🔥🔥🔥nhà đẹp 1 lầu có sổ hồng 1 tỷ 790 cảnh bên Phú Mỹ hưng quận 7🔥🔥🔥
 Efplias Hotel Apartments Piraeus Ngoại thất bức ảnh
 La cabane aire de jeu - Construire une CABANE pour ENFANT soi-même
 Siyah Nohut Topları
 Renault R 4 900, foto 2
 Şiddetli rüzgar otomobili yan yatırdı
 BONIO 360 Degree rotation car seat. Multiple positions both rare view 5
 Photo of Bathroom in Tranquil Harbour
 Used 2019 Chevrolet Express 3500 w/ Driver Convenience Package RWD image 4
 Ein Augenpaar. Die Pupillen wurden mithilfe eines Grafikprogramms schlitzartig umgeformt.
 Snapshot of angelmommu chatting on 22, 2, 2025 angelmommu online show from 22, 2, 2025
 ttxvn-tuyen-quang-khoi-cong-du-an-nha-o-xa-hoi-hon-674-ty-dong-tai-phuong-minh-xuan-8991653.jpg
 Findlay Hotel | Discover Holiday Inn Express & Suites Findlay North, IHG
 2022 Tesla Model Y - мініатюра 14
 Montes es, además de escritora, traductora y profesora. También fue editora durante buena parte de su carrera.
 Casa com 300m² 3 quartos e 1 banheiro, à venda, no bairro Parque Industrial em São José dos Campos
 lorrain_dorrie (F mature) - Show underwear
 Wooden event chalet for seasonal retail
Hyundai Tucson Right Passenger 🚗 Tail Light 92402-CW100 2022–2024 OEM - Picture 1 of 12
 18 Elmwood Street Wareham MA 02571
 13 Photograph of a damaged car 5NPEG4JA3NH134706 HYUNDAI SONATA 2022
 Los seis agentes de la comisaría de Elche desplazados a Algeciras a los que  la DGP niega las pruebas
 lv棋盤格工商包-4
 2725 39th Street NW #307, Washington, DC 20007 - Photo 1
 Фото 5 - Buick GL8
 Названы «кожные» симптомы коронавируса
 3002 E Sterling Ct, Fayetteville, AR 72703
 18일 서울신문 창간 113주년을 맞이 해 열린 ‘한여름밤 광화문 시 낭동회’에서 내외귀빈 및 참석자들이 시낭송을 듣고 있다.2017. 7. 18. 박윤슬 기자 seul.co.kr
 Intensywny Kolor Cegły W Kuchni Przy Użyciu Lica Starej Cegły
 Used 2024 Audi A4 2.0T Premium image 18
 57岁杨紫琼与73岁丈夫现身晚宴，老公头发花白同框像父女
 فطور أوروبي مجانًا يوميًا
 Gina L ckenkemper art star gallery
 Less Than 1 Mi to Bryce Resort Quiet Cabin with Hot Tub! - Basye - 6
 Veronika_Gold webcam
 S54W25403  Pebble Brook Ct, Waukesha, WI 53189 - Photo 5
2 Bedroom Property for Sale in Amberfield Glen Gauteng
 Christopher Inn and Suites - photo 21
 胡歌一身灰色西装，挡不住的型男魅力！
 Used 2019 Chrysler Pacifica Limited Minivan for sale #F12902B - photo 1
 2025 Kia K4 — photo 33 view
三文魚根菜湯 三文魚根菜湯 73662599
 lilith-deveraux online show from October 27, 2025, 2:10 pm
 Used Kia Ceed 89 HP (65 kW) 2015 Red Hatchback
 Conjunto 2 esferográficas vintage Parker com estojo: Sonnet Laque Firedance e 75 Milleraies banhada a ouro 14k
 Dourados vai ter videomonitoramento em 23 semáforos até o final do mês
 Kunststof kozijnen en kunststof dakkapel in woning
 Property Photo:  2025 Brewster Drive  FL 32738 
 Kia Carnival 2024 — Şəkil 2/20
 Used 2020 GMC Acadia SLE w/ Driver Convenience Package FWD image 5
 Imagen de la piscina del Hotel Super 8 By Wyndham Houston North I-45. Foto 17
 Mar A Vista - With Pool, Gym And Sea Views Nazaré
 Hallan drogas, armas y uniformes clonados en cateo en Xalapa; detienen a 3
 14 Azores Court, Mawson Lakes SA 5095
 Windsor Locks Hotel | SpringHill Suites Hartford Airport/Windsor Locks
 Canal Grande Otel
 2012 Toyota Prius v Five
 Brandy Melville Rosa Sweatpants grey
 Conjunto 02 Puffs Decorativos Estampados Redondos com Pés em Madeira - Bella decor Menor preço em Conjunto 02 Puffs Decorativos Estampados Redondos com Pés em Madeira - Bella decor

• • •

- **Requirement**:
Write out each line above with the word "Suites".

- **Result for this exercise**:
 Findlay Hotel | Discover Holiday Inn Express & Suites Findlay North, IHG
 Christopher Inn and Suites - photo 21
 Windsor Locks Hotel | SpringHill Suites Hartford Airport/Windsor Locks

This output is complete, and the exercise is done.